This place that I have been watching for a while now, has been on the market for a solid 7 months. The price has been at $799k for about 4 months. They change the picture every once in a while to keep it fresh.



I believe that price is their break-even point. Trouble is, the carrying costs must be really biting hard. I reckon at least $20k has been paid to those costs already - net of property taxes.

34 comments:

Drachen said...

At least on that last place they managed to take a level picture. Unfortunately the power lines are running exactly along the roof line from the position they chose which makes the place look uglier than it actually is.

solipsist said...

I agree drachen. I have a feeling that they have seen this humble little bog, er, blog, because the original pic' was as slanted as most are, but they took a straighter one after I harped about pictures.

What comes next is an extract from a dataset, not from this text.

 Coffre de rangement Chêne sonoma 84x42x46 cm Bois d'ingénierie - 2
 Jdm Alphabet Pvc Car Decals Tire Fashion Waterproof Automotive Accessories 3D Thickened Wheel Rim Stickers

It is a pure speculation property, and is not someone's principle residence. That means that they have to sell. Unless they are extremely wealthy. That is why I have been watching the place for so long.

Will said...

I love that they lined up the powerlines... I mean, that's like going the extra half mile to get a better shot. Now if they had just airbrushed out the rest on the edges they would have completed their thought. Oh well... give them another 7 months :)

BTW, I've a new blog/site built at www.agentwill.com. Stats are there for you junkies (REBGV stats will be posted as well with no sign in required as before) and weekly numbers are posted.

jesse said...

For the first place, your visiting friends and family will love the no stopping during rush hour sign. But I'm sure it's a nice quiet street ;)

jesse said...

"TOTAL Monthly Payment $ 5,495
Household Income Required $ 206,064"


Most buyers are not 5% down. Look at the yield for a better idea on how good an investment this is. I think the top place can fetch around $2500/month so the yield is about 4% gross. Not a good investment based on cash flow so any buyer must be speculating to make up the shortfall.

solipsist said...

Most buyers are not 5% down. Look at the yield

Do you think most buyers put more than 5% down, or less? Interesting to me that when you use the mortgage calculator on these sites, they default at 5% down. I assume that is the "norm".

Regarding the yield, I don't really understand the concept. I usually just think of houses as a place for me to live and do my thing. What would a good yield be? And what is the relevance of %age?

patriotz said...

Yield is very simple. Its the payout you get from any asset over a year.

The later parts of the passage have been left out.